• AVAILABLE DATA:
....................
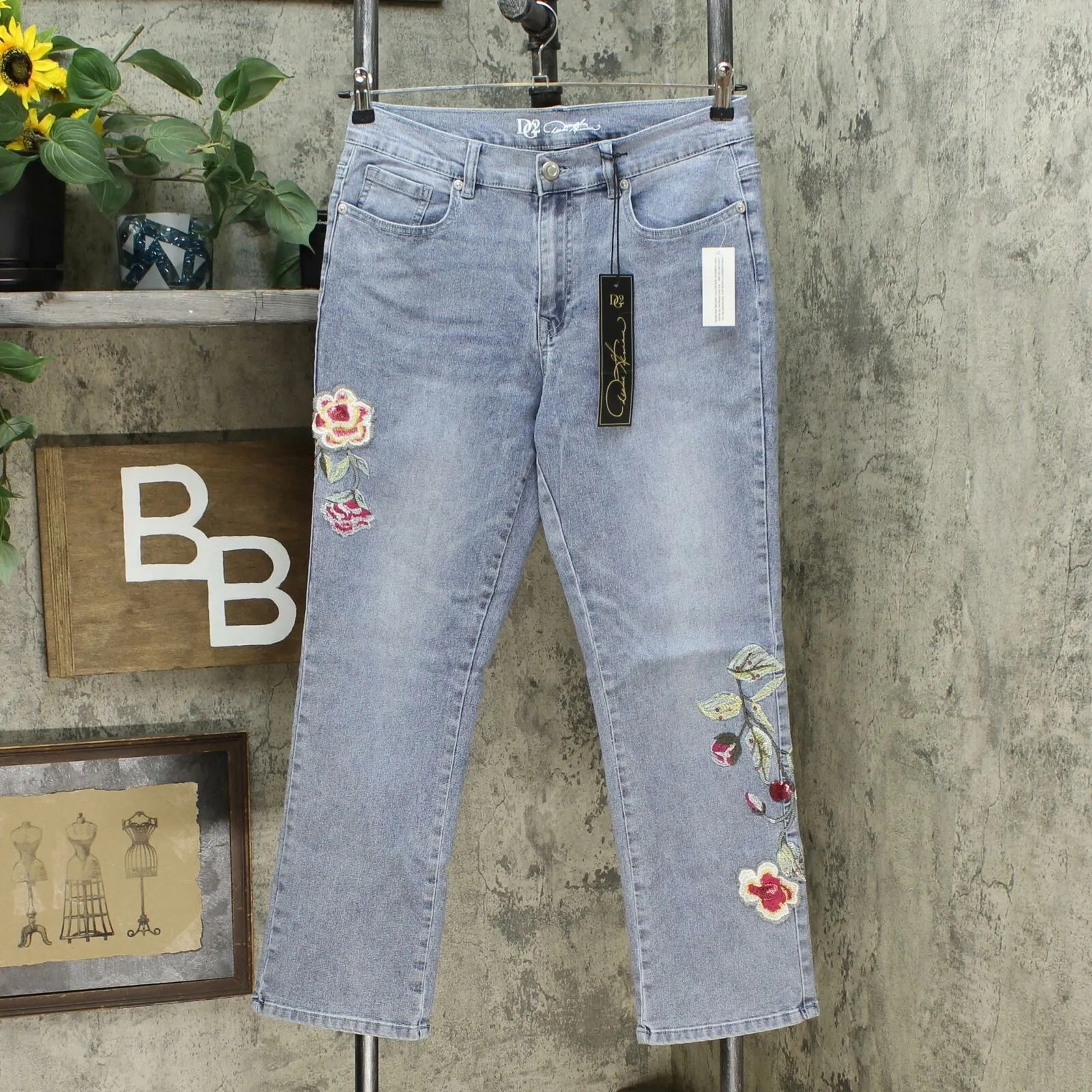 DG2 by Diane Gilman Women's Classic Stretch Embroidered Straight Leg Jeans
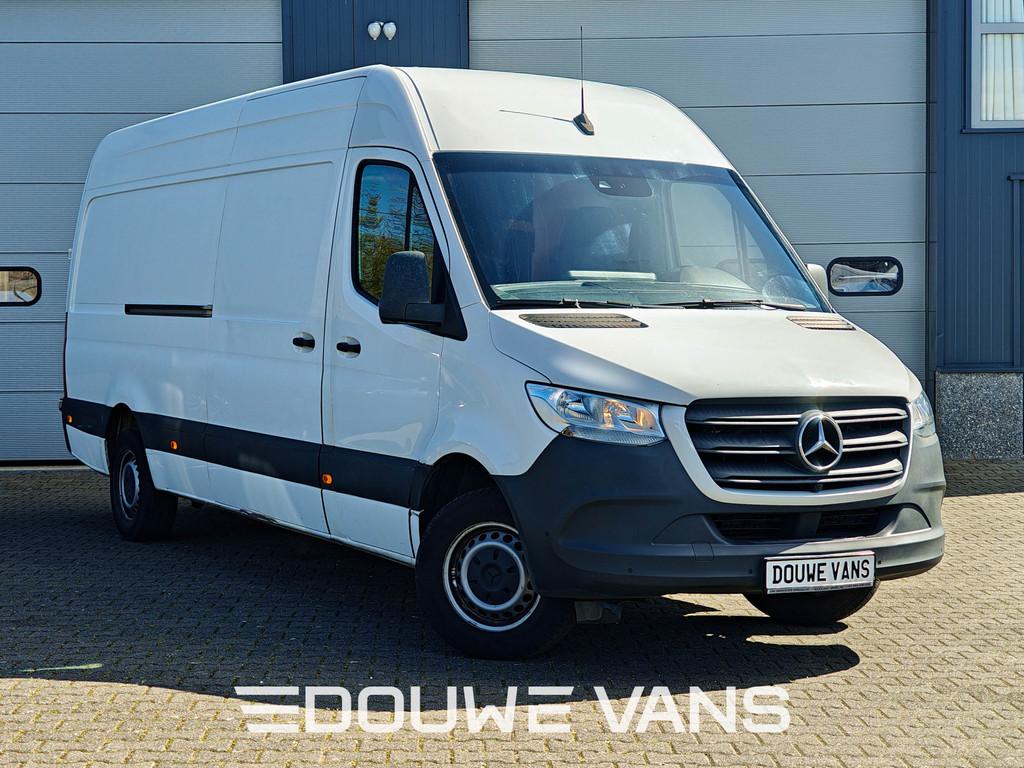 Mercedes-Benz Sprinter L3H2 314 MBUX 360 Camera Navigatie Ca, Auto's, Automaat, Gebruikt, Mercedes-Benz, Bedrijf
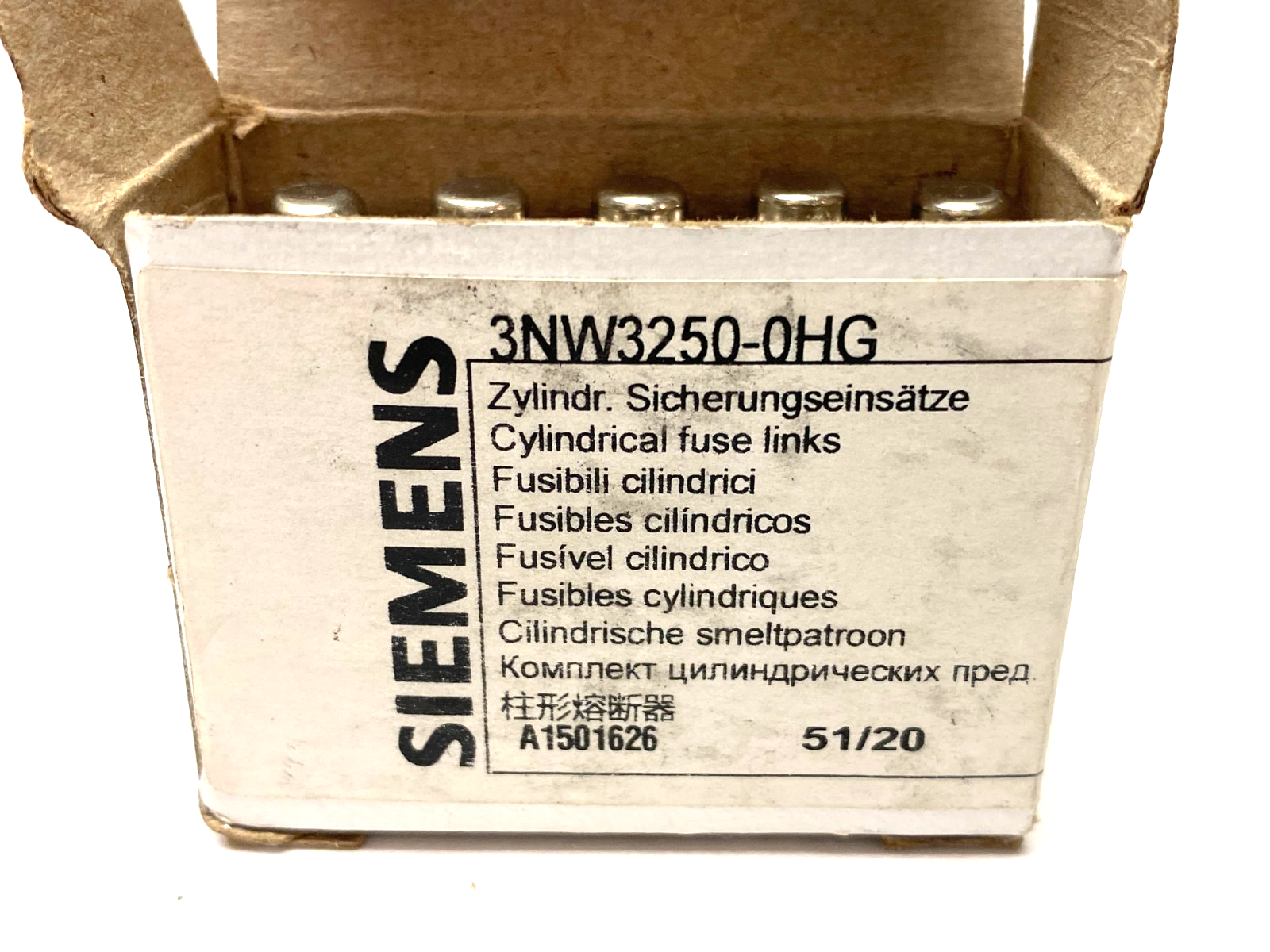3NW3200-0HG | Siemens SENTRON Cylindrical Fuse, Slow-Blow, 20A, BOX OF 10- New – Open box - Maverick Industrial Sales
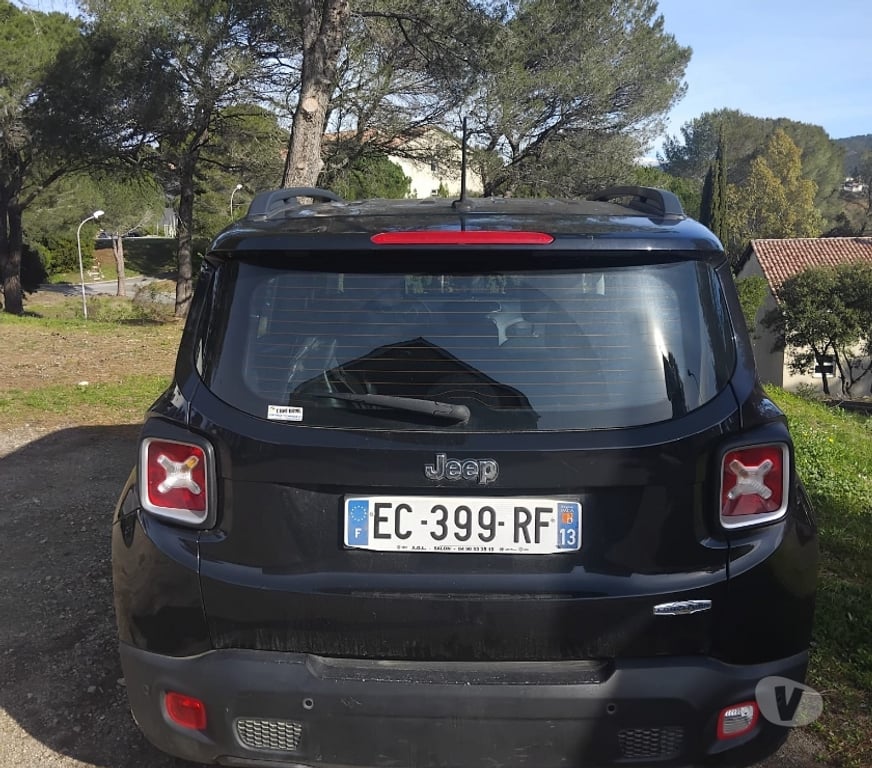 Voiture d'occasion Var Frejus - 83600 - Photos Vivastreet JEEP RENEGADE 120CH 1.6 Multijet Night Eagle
....................
• WHAT YOU WILL DO:
Repeat the data exactly as written, but without the pictures.

• EXPECTED ANSWER:
 DG2 by Diane Gilman Women's Classic Stretch Embroidered Straight Leg Jeans
 Mercedes-Benz Sprinter L3H2 314 MBUX 360 Camera Navigatie Ca, Auto's, Automaat, Gebruikt, Mercedes-Benz, Bedrijf
3NW3200-0HG | Siemens SENTRON Cylindrical Fuse, Slow-Blow, 20A, BOX OF 10- New – Open box - Maverick Industrial Sales
 Voiture d'occasion Var Frejus - 83600 - Photos Vivastreet JEEP RENEGADE 120CH 1.6 Multijet Night Eagle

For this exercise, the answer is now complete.